Create Your Own Internet Archive — ArchiveBox

Amoghavarsha
4 min readApr 1, 2022

--

Since 1996, Internet Archive is actively serving the purpose. What does it do? It keeps an archive of the things that were once found on the internet in their original form and also in the modified form. Today the Internet Archive has a collection of nearly 625 billion web pages, 38 million books and texts, 14 million audio recordings, 7 million videos (including 2 million Television News programs), 4 million images, 790,000 software programs and more.

The data from the past tells a story — origin, process, transcendence, end or any other juicy information. This past data could be helpful for journalists, security researchers, web developers, archeologists, academicians, historians, corporate entities and so on. Read more here.

Archive Box

With all due respect, we don’t need all the data that’s been recorded by the Internet Archive. Usually people save pages on the Wayback Machine that are relevant to them.

A screenshot of Internet Archive.

The Internet Archive doesn’t save all our favorite pages automatically, most of the times, the pages that we are looking for might not be captured by others, due to lack of relevance, traffic or the page gets deleted before it’s archived! And also, we need an account and internet connection to see that pages that we’ve archived. To solve these bottlenecks, ArchiveBox comes in handy.

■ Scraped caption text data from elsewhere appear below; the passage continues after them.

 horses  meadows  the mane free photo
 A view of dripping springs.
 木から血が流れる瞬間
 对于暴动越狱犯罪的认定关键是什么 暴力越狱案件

ArchiveBox is an open source internet archiving solution to collect and save the relevant web pages of our choice offline. It can be very useful for security researchers to keep track of a website, to analyze it’s past and present developments; for journalists and OSINT researchers to archive the content privately before it’s deleted, and to analyze information about the domain, its past history and ownership.

It comes in many forms, we can set that up on Windows, GNU/Linux and MacOS. It can be used as a command line tool, a web app and a desktop app(alpha). We can also use it on Docker. For the convenience, we’ll be demonstrating it on a GNU/Linux system and we’ll be using its auto setup script to install it one the machine.

  1. Open the terminal and type:

curl -sSL 'https://get.archivebox.io' | sh

We’ll wait for the script to download and configure itself (it may take some time). And that’s it, ArchiveBox is now installed on our system.

2. Now we’ll change the directory where we have installed our ArchiveBox.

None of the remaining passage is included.